この写真は、私が学生の頃に撮影した作品です。
当時、写真業界はフィルムとデジタルの過渡期まっただ中で、今みたいな2000万画素のデジカメなんぞ存在しない時代でした。
プロ用の一眼レフデジカメですら、500~600万画素の時代です。
1000万画素を越えるカメラは、あったにはあったものの、超がつくほど高嶺の華でした。
そんな頃、デジタルで何か作品は出来ないかと模索していた所、手近にあったフラットベットスキャナが目にとまりました。
その頃、4×5カメラ(蛇腹のカメラでシノゴと呼ばれるカメラ)にスキャナの様なパーツ(デジタルカメラバック)を取り付けて、撮影するのが、画素数的には最高のクオリティーとさせていた時代だったので、このままスキャナでスキャンしたら良いのではないか・・・というアイデアを思いつきました。
私が持っていたフラットベットスキャナはEPSONのGT-7600Uという機種で、1200dpiでスキャン出来る物でした。
dpiとは、Dot Per Inchの略で、1inch四方の中に1200dot入って居ると言う意味です。
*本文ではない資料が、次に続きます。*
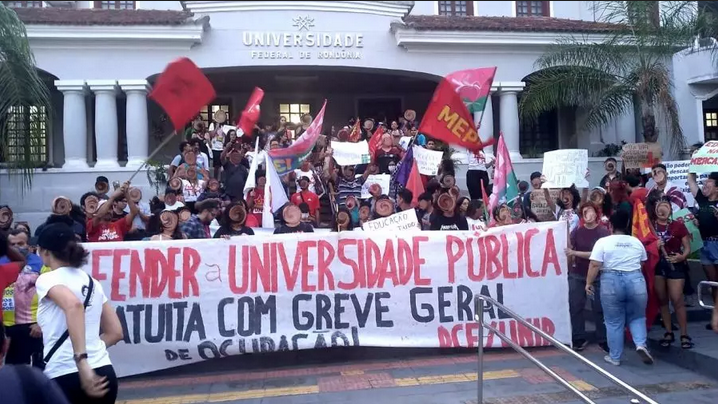 Brasilien Landesweite Studentenproteste gegen Mittelkürzungen im Bildungswesen 4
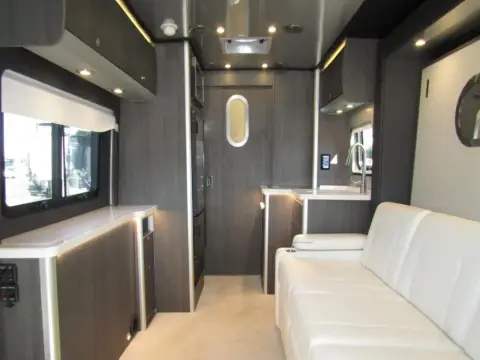 2021 Airstream Atlas Murphy Suite — photo 4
1200dpiを画素に直してみると、1inchは25.4mmなので、1200÷25.4=47.2/平方ミリ
これをA4サイズの大きさを掛けて見ると・・・
長辺 47.2×297mm=14,018
短辺 47.2×210mm=9,912
画素 9912×14018=138,946,416
何と約1億4千万画素になります!
コレはものすごいデジタルカメラを見つけてしまったようです。
早速、物を置いてスキャン。
延々とスキャンが終わらず、PCに取り込むまでに1時間ぐらいかかりました。
そしてPCがダウン。
やっぱり1億4千万画素は伊達じゃない!
気を取り直して、フルスペックではなく、4分の一くらいのスペックで再度撮影。
今度は無事に取り込みが出来、3000万画素ほどの写真になりました。
もちろん解像度は当時のデジカメの何倍も良いので、画像も当然綺麗。
この実験で得られた結果を基に、被写体を探し、被写体の後ろが暗くなってしまうのを防ぐため、
被写体の上から照明を当てます。
そして出来たのが、上の写真。
このシリーズは何枚も撮影して、学生仲間のグループ展にも出品しました。
大判出力して出品したのですが、画像の荒れの無いとても綺麗なプリントにすることが出来ました。
最近のスキャナでも十分出来るので、興味のある方は試して見て下さい。
ちなみに、今のスキャナは3600dpi位なので、
3600÷25.4=141.7
141.7×297=42,085
141.7×210=39,757
39757×42085=1,252,323,345
なんと約12億5千万画素になります。